• Try it
Look through the lines below and extract each one that contains "smiles".
Top of Available data
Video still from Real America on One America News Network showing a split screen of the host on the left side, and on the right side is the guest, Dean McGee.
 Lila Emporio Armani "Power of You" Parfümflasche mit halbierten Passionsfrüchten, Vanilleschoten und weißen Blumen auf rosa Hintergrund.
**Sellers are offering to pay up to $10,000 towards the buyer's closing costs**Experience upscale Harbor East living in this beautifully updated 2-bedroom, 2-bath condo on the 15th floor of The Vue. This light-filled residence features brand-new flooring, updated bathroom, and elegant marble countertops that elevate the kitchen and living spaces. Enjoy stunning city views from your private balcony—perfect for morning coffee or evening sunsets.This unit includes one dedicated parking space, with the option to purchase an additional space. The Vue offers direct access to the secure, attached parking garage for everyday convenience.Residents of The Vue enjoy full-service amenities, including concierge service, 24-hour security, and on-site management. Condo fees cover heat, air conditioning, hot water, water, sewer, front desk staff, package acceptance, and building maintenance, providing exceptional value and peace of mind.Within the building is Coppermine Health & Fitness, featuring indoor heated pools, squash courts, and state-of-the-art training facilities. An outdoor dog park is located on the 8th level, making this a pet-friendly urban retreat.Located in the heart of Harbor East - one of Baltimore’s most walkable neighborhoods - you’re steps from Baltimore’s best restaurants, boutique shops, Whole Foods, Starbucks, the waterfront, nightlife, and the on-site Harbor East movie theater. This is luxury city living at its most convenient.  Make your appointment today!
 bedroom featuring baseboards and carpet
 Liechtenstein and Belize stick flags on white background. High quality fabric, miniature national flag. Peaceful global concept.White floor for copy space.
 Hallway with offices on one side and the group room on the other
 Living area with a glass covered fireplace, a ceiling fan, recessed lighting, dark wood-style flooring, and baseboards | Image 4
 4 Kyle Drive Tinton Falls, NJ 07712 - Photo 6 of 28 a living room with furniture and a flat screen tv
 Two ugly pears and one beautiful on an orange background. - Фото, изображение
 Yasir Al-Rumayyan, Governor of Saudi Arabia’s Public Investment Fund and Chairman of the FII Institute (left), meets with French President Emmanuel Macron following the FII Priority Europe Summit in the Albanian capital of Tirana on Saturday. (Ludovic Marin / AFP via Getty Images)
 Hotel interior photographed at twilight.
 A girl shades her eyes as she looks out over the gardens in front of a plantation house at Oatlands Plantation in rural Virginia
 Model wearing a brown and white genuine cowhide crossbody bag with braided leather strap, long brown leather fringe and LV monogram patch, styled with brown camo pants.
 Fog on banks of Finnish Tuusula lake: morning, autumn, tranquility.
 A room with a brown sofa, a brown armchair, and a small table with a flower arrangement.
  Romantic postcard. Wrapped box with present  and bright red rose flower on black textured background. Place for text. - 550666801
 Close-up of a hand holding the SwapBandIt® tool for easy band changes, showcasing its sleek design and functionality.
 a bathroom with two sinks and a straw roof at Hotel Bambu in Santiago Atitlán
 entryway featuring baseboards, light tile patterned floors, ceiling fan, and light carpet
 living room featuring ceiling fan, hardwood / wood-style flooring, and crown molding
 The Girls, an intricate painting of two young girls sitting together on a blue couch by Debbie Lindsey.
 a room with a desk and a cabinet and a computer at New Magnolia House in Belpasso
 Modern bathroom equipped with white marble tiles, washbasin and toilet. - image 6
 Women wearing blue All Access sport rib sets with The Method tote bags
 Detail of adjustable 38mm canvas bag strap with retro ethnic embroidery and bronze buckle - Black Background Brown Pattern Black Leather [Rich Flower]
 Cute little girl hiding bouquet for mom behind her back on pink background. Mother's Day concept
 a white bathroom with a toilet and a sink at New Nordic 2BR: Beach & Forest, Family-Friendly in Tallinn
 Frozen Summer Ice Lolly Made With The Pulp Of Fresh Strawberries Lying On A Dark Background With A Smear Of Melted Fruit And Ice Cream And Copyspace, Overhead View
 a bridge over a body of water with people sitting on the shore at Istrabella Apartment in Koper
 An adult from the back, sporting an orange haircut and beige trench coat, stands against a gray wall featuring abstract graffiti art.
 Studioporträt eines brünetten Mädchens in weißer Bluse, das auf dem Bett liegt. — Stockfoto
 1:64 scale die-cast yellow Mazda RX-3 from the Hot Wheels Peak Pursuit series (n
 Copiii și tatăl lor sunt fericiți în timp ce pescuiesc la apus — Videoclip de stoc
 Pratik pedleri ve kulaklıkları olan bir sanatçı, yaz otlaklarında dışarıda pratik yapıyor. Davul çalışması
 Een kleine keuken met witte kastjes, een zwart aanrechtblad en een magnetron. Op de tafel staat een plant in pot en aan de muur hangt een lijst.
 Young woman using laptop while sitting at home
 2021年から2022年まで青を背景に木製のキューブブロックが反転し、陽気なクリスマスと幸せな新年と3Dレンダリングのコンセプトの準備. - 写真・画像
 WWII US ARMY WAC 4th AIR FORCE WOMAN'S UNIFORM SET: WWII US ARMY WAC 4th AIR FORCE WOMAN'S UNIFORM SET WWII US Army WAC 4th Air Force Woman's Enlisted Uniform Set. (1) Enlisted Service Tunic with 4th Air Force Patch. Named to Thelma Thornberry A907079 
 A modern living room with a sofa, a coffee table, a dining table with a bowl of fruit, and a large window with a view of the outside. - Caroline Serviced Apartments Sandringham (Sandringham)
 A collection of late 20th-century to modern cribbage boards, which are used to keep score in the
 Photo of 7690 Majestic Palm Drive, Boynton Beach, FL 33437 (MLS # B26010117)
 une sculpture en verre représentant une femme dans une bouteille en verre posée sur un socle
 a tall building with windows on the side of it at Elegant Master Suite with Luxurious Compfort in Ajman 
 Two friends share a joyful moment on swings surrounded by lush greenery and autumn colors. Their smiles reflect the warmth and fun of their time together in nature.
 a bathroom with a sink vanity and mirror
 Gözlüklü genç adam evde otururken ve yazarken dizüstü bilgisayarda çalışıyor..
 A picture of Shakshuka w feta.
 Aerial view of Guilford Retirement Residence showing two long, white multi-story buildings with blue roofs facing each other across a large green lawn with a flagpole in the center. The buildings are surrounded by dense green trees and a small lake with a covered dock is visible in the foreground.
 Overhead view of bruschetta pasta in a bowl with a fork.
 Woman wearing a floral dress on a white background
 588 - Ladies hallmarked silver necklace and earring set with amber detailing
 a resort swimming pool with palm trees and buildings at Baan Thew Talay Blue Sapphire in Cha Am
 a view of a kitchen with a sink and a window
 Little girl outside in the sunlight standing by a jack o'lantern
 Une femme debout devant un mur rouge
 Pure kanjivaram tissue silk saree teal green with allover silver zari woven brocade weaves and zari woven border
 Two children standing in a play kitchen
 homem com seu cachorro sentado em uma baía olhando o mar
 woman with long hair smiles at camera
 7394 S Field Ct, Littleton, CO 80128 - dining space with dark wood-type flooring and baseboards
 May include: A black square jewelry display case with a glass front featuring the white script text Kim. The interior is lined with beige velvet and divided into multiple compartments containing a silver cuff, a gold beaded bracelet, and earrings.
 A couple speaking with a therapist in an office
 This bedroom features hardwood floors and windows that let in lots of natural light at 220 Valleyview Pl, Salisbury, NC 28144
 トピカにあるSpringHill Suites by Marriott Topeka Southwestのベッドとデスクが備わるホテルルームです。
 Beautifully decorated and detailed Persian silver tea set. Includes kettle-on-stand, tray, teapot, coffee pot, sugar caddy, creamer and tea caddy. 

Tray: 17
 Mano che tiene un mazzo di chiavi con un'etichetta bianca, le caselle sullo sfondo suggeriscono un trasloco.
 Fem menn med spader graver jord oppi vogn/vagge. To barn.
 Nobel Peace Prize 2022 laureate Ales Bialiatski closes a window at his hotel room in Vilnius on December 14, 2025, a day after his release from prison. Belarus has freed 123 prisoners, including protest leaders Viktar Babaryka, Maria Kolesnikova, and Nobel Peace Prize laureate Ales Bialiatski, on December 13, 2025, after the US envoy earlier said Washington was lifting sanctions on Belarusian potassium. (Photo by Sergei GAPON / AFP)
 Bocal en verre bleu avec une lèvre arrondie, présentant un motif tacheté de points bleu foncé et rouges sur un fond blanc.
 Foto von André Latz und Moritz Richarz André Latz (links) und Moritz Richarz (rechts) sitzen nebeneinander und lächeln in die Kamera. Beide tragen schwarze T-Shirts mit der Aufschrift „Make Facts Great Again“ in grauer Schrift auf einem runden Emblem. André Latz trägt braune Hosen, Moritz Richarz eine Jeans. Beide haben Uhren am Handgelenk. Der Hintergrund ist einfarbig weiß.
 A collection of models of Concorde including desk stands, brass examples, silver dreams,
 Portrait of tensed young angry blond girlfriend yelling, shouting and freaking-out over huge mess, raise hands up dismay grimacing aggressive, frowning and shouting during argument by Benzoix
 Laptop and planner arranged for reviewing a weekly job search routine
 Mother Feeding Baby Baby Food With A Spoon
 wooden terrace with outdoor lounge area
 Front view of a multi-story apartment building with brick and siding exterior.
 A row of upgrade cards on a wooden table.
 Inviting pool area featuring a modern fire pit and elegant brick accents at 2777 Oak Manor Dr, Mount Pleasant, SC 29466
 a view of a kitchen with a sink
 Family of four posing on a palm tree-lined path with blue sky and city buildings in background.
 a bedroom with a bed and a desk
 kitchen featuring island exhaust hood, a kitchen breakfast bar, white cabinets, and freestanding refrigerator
Bottom of Available data
• Solution to this exercise
 Two friends share a joyful moment on swings surrounded by lush greenery and autumn colors. Their smiles reflect the warmth and fun of their time together in nature.
 woman with long hair smiles at camera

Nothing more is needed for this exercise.